La transizione energetica, in quanto spina dorsale della transizione ecologica, dovrebbe essere caratterizzata da una forte spinta dal basso e da un grande coinvolgimento della società civile, che deve avere voce in capitolo sulle decisioni che plasmeranno il nostro futuro.
L’installazione di fonti rinnovabili non è un semplice shift tecnologico, ma un cambio dirompente del modo in cui alimentiamo l’economia, un passaggio da una produzione centralizzata e in mano a poche grandi aziende ad una produzione diffusa, in mano alle persone.

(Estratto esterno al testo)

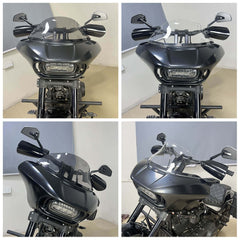 Harley Softail M8 Fat Bob FXFB 114 FXFBS 2018-2024 Club Style Headlight Fairing Front Mask with 9" Windshield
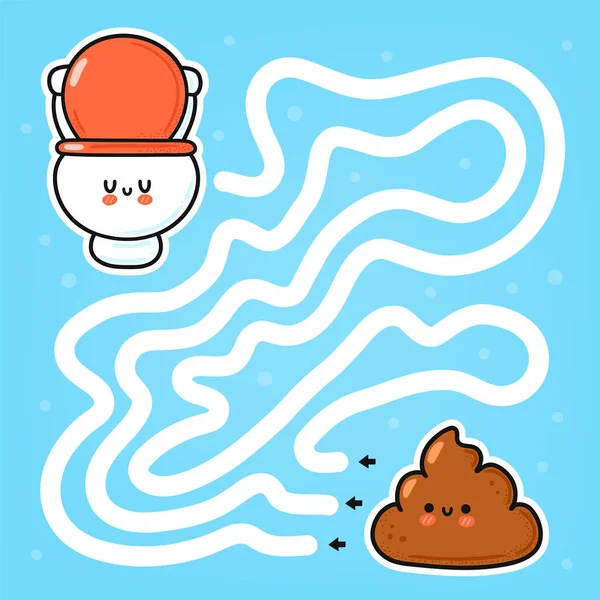 Cute funny labyrinth maze game. Help poop find toilet. Maze game labyrinth for kids. Vector flat line cartoon kawaii character illustration icon — Stock Vector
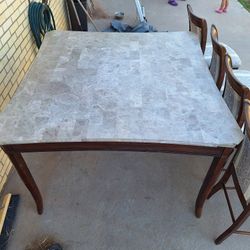 Wood/Marble Dining Table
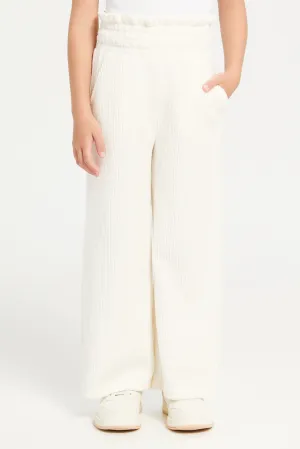 Girls Cream Wide Leg Trousers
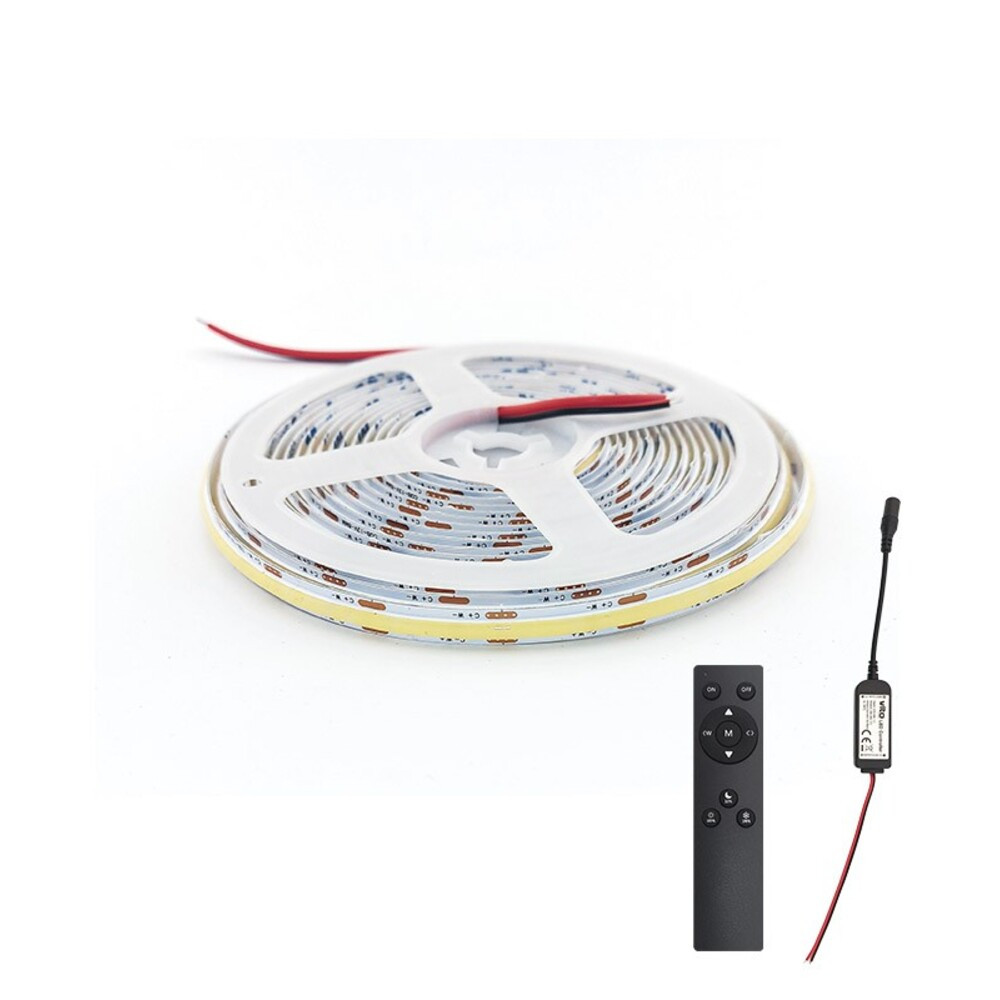COB LED szalag LEDStrip+ 12V 480xCOB 12W/m vágási pont 2,5cm/3CCT 3m ragasztó 8mm IP20 5m/tekercs + vezérlő 5541021 VITO
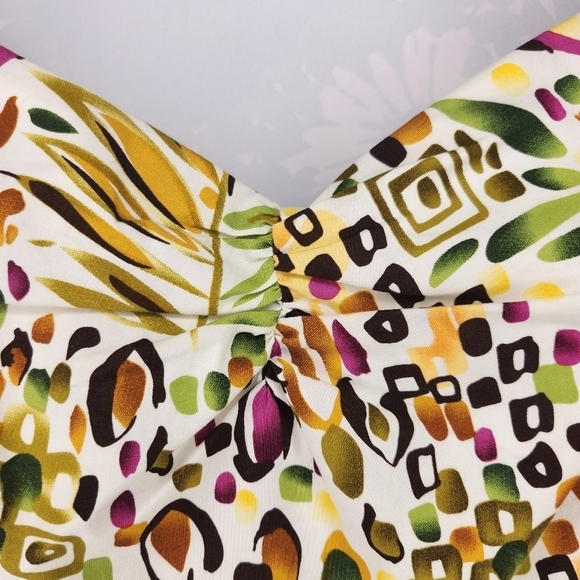 Vintage 90s Talbots Hawaiian Leaf Print Cotton Sundress Size 12 - Picture 6 of 12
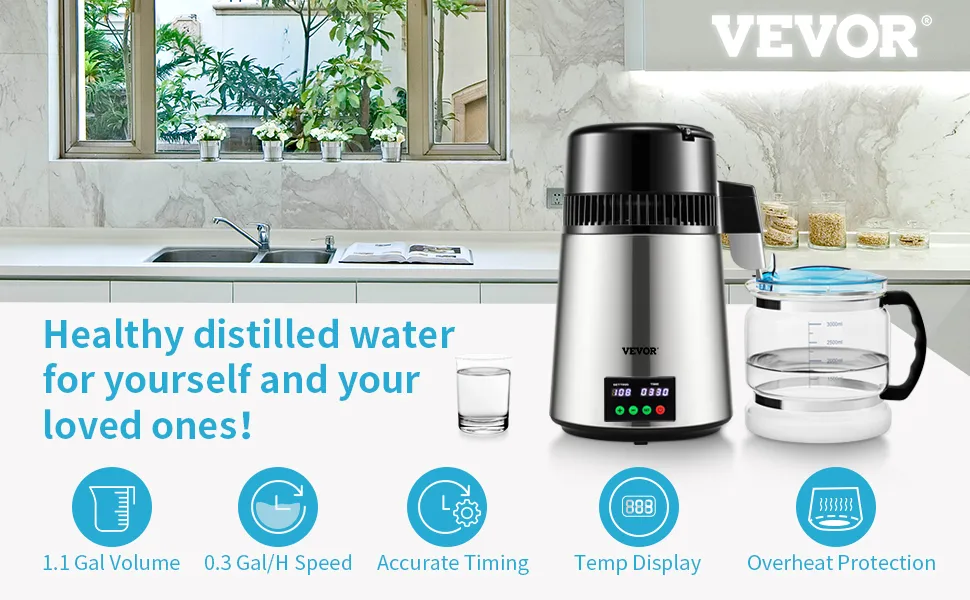VEVOR water distiller in a modern kitchen, featuring temp display, overheat protection, and 1.1 gal volume.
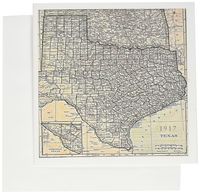 3dRose Photo Of 1917 Map Of Texas - Greeting Cards, 6 x 6 inches, set of 6 (gc_100499_1)
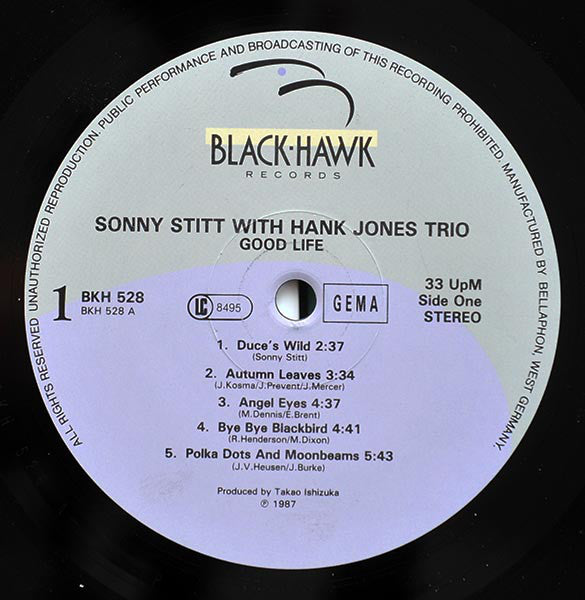 Sonny Stitt With Hank Jones Trio ~ Good Life (Vinyl) - Djungel & Jazz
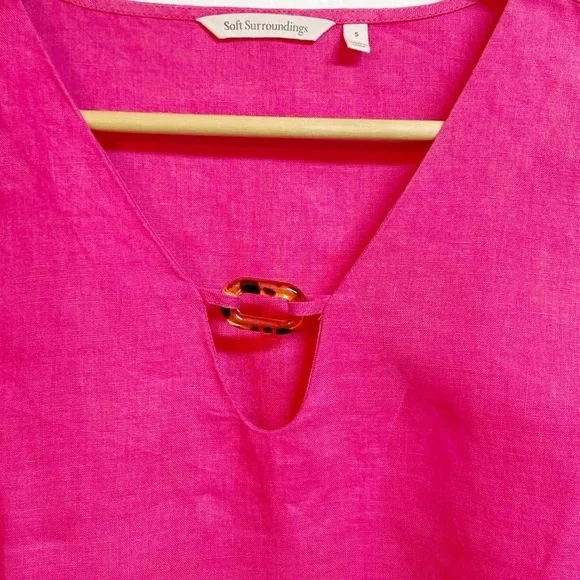 Soft Surroundings Saja 100% Linen Tunic Top Pink Tortoise Shell Accent Size S - Picture 2 of 7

Per questo il coinvolgimento del Parlamento e della popolazione non può essere fatto ex post, come una formalità inutile, ma deve avere una funzione di indirizzo per il piano, rappresentando un passo verso la democrazia energetica. Il risparmio energetico, il passaggio alle energie rinnovabili, l’efficientamento degli edifici, il contrasto alla povertà energetica e la gestione della sicurezza energetica non possono avvenire senza una cittadinanza attiva, consapevole, coinvolta e sovrana.
Per questo la partecipazione e il coinvolgimento nella Valutazione Ambientale Strategica e nelle modifiche del piano svolgeranno un ruolo centrale nel determinare se coglieremo davvero l’opportunità di una transizione ecologica giusta e democratica.
Abbiamo un anno di tempo per influenzare le decisioni che verranno prese per il futuro energetico e climatico del nostro Paese, e siamo sicuri che aziende come ENI e Snam, che in questo momento hanno ruolo centrale nell’influenzare le politiche energetiche del Paese, proveranno a fare lo stesso.
La transizione energetica alle fonti rinnovabili è un grande cambio di paradigma, una finestra che si apre per combattere le disuguaglianze, ridurre le emissioni di anidride carbonica e restituire potere economico ai cittadini. Una finestra che però non rimarrà aperta per sempre.